SOURCE MATERIAL
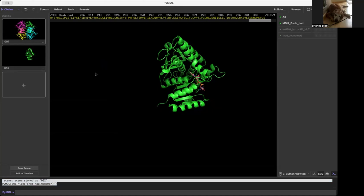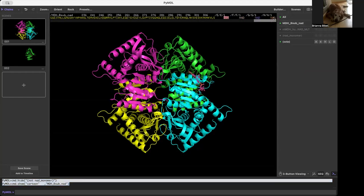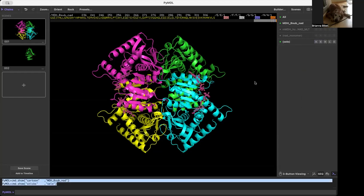If I hadn't had this scene saved, it would be kind of a pain to go back and go show — I want to show as cartoon, but the NAD doesn't show as cartoon, so I've got to show that as sticks. And I want to make sure I only show the NAD as sticks. So I come over here, I select the NAD and show that as sticks. That was a bit of a pain.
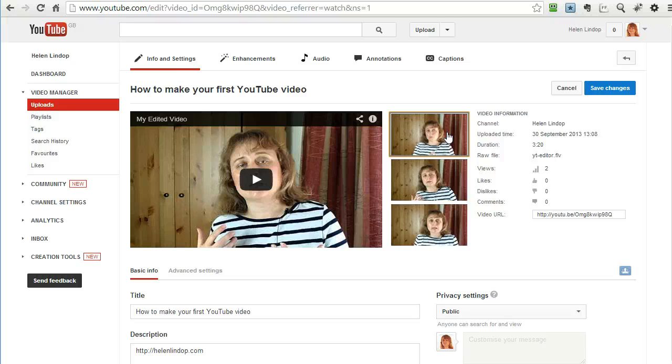Okay so that's how to upload, edit and publish a YouTube video.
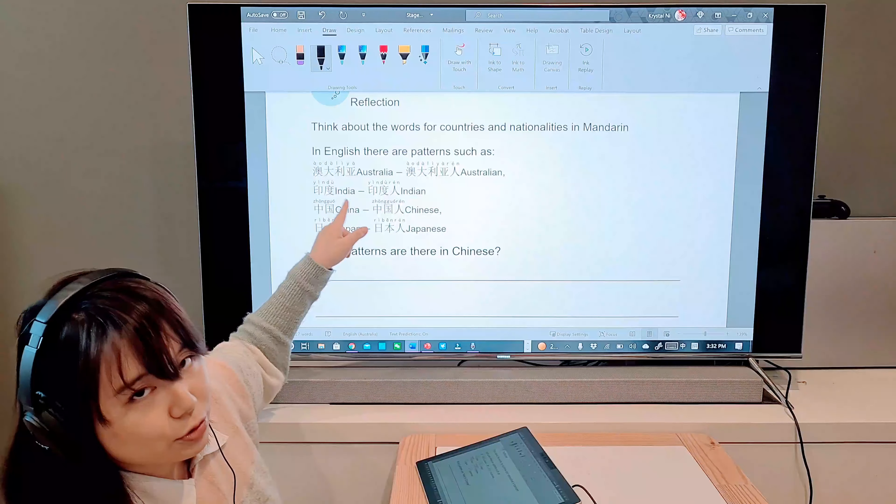First question: what patterns are there in Chinese when we change from country to nationality? Are there any rules to follow? Write down the patterns in your own words. Second question: are there any unusual country-nationality pairs — like France/French in English — but in Chinese? Look at the table from page one and note anything unusual.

WHAT IS BEING ASKED
Please quote the lines of the material, beginning with the first and ending with the one that contains "Okay so that's", exactly as written and without any pictures.

PROBLEM SOLUTION
If I hadn't had this scene saved, it would be kind of a pain to go back and go show — I want to show as cartoon, but the NAD doesn't show as cartoon, so I've got to show that as sticks. And I want to make sure I only show the NAD as sticks. So I come over here, I select the NAD and show that as sticks. That was a bit of a pain.
Okay so that's how to upload, edit and publish a YouTube video.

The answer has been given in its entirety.